Dans l’entrée de son appartement de la rue des Teinturiers, à Lyon, elle a enfilé sa robe verte, celle qu’elle mettait deux fois par an. Sur le buffet bas, le chat observait. Un chartreux cendré au regard cuivre, qui s’appelait Ulysse. Il ne bougeait pas. Il maîtrisait l’art de regarder les humains s’agiter comme s’il assistait à un spectacle médiocre dont on lui avait promis qu’il serait meilleur.

— Bon, ça va ou pas ? a demandé Claire en se tournant vers lui.

Ulysse a cligné des yeux une fois, puis il est descendu du buffet avec une lenteur cérémonieuse. Il s’est dirigé vers la porte d’entrée, s’est assis, et il a levé la tête vers la poignée.

— Non, Ulysse. Pas ce soir. Je suis en retard, je n’ai pas le temps de te promener.
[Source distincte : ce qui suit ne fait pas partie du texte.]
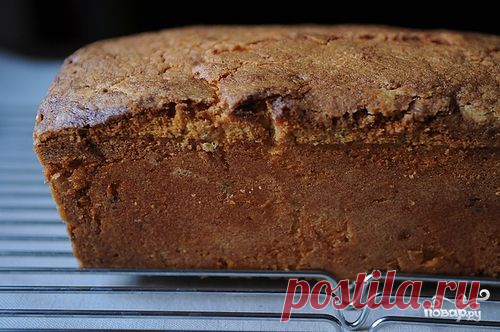 Апельсиновый кекс - Повар.ру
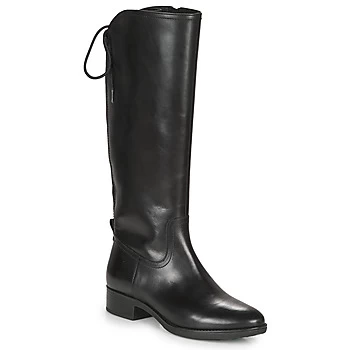 Geox FELICITY womens High Boots in Black,2.5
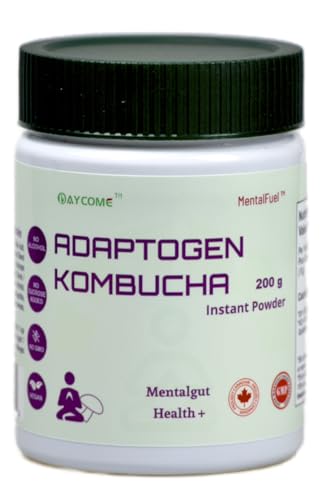 MentalFuel Adaptogen Kombucha Powder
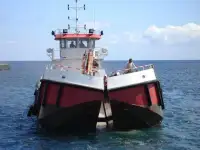 Chiatta in vendita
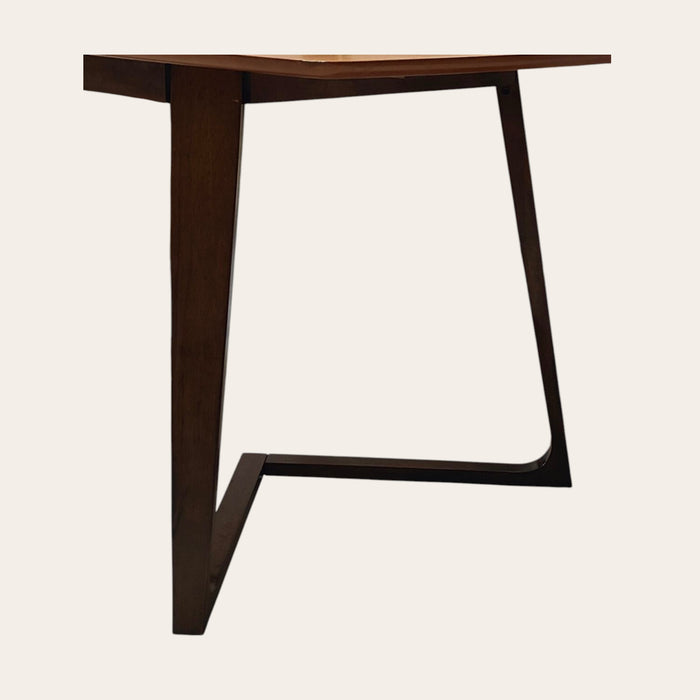 Japandi eettafel
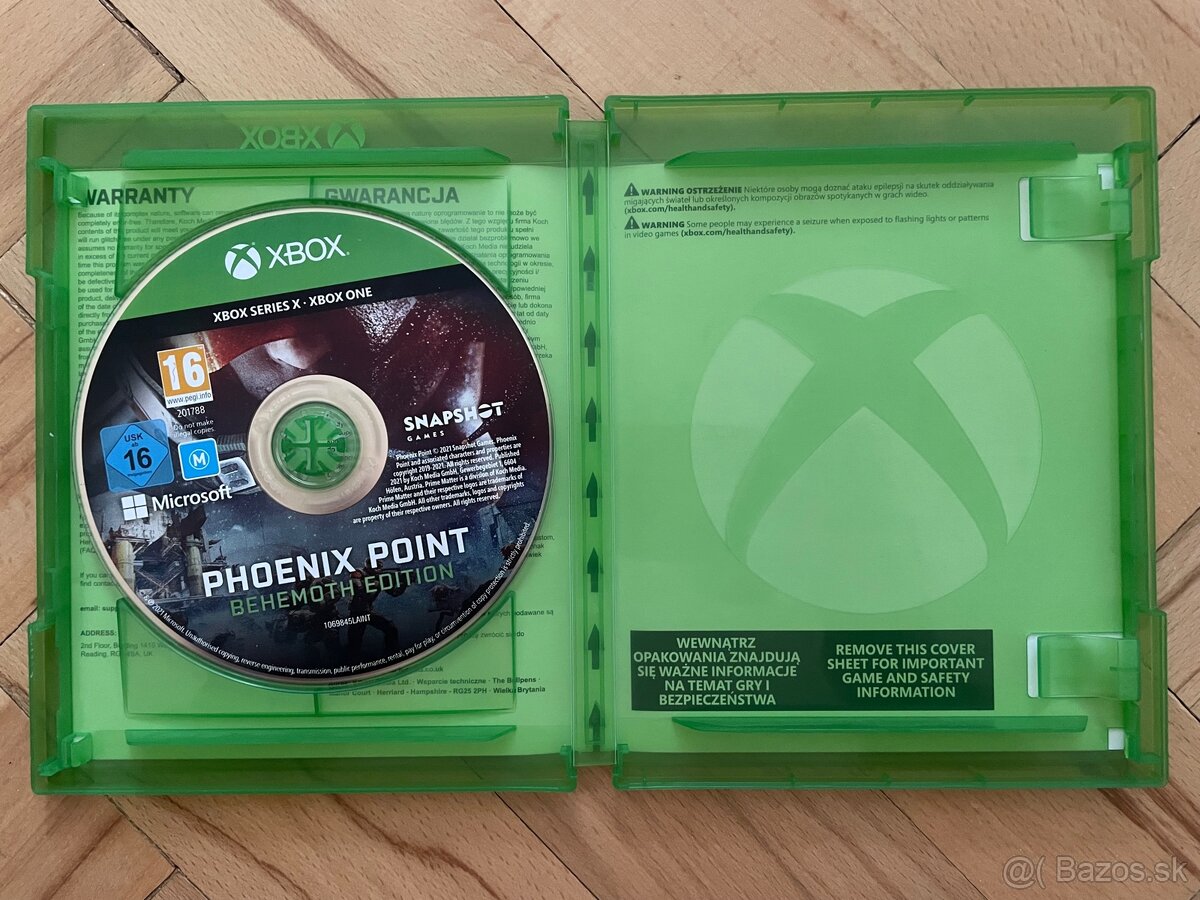 PHOENIX POINT - XBOX ONE - 3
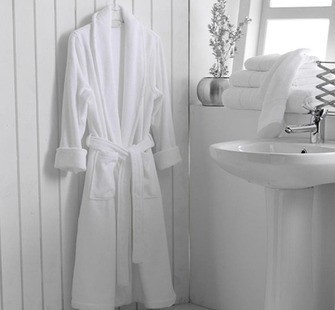 Μπουρνούζια Ξενοδοχείου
Le chat a simplement enroulé sa queue autour de ses pattes avant.

Claire a soupiré, attrapé sa veste et ouvert la porte avec précaution. Elle connaissait ce chat. Une fois, il avait filé sur le palier et fallu trois quarts d’heure pour le récupérer derrière les poubelles de la cour. Cette fois, pensait-elle, elle serait vigilante. Or, c’est exactement dans cette demi-seconde où l’on se croit vigilant que les chats passent.

Il s’est coulé le long du mur, a frôlé sa cheville, et a disparu dans la cage d’escalier.

— Ulysse !

Elle a laissé tomber son sac, balancé ses chaussures à talons, enfilé ses vieilles baskets qu’elle gardait près de la porte pour le marché. Dans la descente, elle a failli s’étaler sur le palier du deuxième, s’est rattrapée à la rampe en bois blond, a lâché un juron.

L’escalier de l’immeuble sentait le vieux savon et la poussière de pierre. Au premier étage, la minuterie s’est éteinte. Elle a tapé des mains. Dans le noir, elle a entendu le grincement de la porte d’entrée en bas. Puis une voix d’homme :

— Eh bien… bonjour ?

Elle a fini de descendre. Là, dans le vestibule, devant les boîtes aux lettres en métal beige, un homme tenait son chat dans les bras. Ulysse s’était installé contre son torse, les pattes avant repliées, le menton calé dans le col de sa veste en toile. Il ronronnait. Pas un ronron discret de politesse. Un ronron de moteur de bateau.

L’homme avait un sac de courses qui pendait au bout d’un bras. Il tenait son chat de l’autre, comme si c’était prévu. Des yeux noisette. Une barbe de trois jours. Un air surtout très étonné.

— Il est à vous ?

— Oui. Enfin, je crois. Il habite chez moi en tout cas.

— Il est venu droit sur moi dans l’entrée. J’ai cru qu’il voulait mon paquet de jambon cru.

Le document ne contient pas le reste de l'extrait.